Der Schutz der Grenzen wird Europa viel Geld kosten. Wie soll das bezahlt werden, wenn Sie das EU-Budget kürzen wollen?
Kurz: Das Budget wird nicht gekürzt, sondern es steigt in absoluten Zahlen. Was wir im Moment erleben, ist doch nicht in erster Linie eine Frage des Geldes. Es ist eine Frage der Entschlossenheit. Entscheidend ist: Wie geht Europa damit um, wenn die Türkei einen Ansturm von Flüchtlingen an der EU-Außengrenze organisiert?
Wird es wieder Grenzkontrollen innerhalb Europas geben, wenn der Schutz der Außengrenze nicht funktioniert?

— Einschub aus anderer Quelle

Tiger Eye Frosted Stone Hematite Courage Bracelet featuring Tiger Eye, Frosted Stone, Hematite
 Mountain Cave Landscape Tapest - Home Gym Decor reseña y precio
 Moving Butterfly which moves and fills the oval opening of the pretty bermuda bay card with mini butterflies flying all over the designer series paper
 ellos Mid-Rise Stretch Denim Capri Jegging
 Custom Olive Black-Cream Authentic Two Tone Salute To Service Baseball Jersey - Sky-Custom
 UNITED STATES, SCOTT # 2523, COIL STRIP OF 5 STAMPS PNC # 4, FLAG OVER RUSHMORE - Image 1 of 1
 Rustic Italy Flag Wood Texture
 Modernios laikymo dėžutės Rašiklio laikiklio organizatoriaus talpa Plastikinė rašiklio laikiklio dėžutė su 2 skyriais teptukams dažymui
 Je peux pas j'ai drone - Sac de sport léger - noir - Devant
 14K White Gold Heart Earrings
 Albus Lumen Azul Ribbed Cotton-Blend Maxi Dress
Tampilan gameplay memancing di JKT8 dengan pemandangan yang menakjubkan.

Kurz: Wenn die Grenzen nach außen nicht funktionieren, wird es wieder Grenzen innerhalb Europas geben. Ich erinnere daran, dass Deutschland in der Flüchtlingskrise 2015 als erstes Land Grenzkontrollen eingeführt hat. Ich hoffe sehr, dass Europa aus dieser Zeit gelernt hat.
Sie sprechen von einem „Angriff“ Erdogans auf die EU-Außengrenzen. Müssten die Staaten der Gemeinschaft im äußersten Fall auch Militär zum Schutz der Grenzen einsetzen?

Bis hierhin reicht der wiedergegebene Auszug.